In November 2009, I attending a talk at my church by Kirk Martin called “How to Be a Calm Mom.”  Most of us in the audience had “intense” children and were looking for some ideas to bring peace and order to our homes.  We got insight into how and why our kids’ brains worked and how we can create calm in ourselves, our children and our homes.  I started practicing Kirk’s ideas at home and we saw an immediate, positive difference in B.

Over Christmas break, we were visiting our friends K & C and the conversation between the wife, K, and me eventually steered toward how B was doing at school.  I was beside myself with frustration and at a loss for a solution.  I said, “My parents have offered to send B to private school.  But I know no matter which school he goes to, we’re going to have the same problems!  The only alternative to a school is HSing and I am NOT going to HS him!”  She asked, “Why not?”

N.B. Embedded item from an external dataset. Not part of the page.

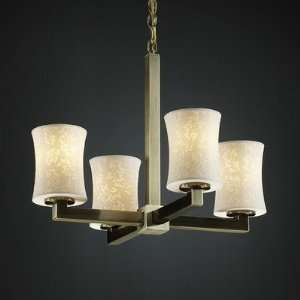   Four Light Chandelier Metal Finish Antique Brass, Impressions Bamboo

Me: B and I have the same personality.  If we stayed home all day together we’d be at each other’s throats!
K: Haven’t you been taking a different approach (Kirk Martin) the past month and half?  And haven’t things been completely different between you two – calm and harmonious?
Me: Yes.  But I can’t reward his behavior at school by bringing him home and catering to him.  He needs to learn to get along in this world without being the center of the universe and he needs socialization.
K: He’ll get plenty of socialization.  So many people HS nowadays.  I’ll bet you have a huge HSing community in your area and you’ll hook up with them.  He’ll not only socialize with kids, but kids of all ages and other adults who will teach him things, too.
Me: But I don’t know everything he needs to learn.  I’m not a teacher.
K: You ARE a teacher.  You are a mom.  You work 2 jobs outside of the home with kids from 3 months to 13 years old.  You’ll learn along with him.  And I’m a former teacher; I’ll help you.
Me: But…
K: You CAN do this.  And you won’t have to do it alone.


The hubs and the kids came in just then and his and my eyes met.  “What is it?” he asked.  “We can HS B,” I said, with wonder in my voice.  We just stared at each other for a bit, and in that space between us, every reason we had recited for over a year for NOT homeschooling B just flipped in our minds to become the reasons we SHOULD HS him.  He said, “We CAN HS B.”  C walked in behind the kids, looked at us and said, “What’s going on?”  I said, “We’re going to HS B.”  “Cool,” said C.  “You’ll both be great at it!”


It was both exciting and scary to have made the decision.  Part of me did not want to send him back to school after Christmas was over, but the other part of me had no idea what to do with him if we didn’t!  I started spending all my spare time researching – online, checking out a ton of books form the library, learning the state’s and local district’s laws and reaching out to other HSers.  I have a favorite HSing author, Linda Dobson.  I found insight, empowerment and validation in her books.  Through reading books, I have learned so much about why the American public school system was created, how it works, and how it fails so many children.  I found a wonderful organization with a wealth of information and joined a local HSing group for ideas, playdates, field trips and support.

The school curriculum was created by people who have never met my son, and for left-brain learners with a particular personality that allows them to sit quietly for hours each day.  My son happens to be a right-brainer and cannot sit still.  He stands at home to do his homework but is not allowed to stand at his desk at school.  He hums at school when he is bored or stressed to keep himself from interrupting the teacher, but it bothers people anyway and he is put in the hallway for it.  Accommodations in the classroom will not be made for B unless he is diagnosed with something under the Americans with Disability Act.  There is nothing wrong with him that falls under the ADA; he merely has a learning style and personality style that is different than what the school curriculum is made for.  I do not expect the school to tailor its curriculum to B; but I can.  And I will, at home.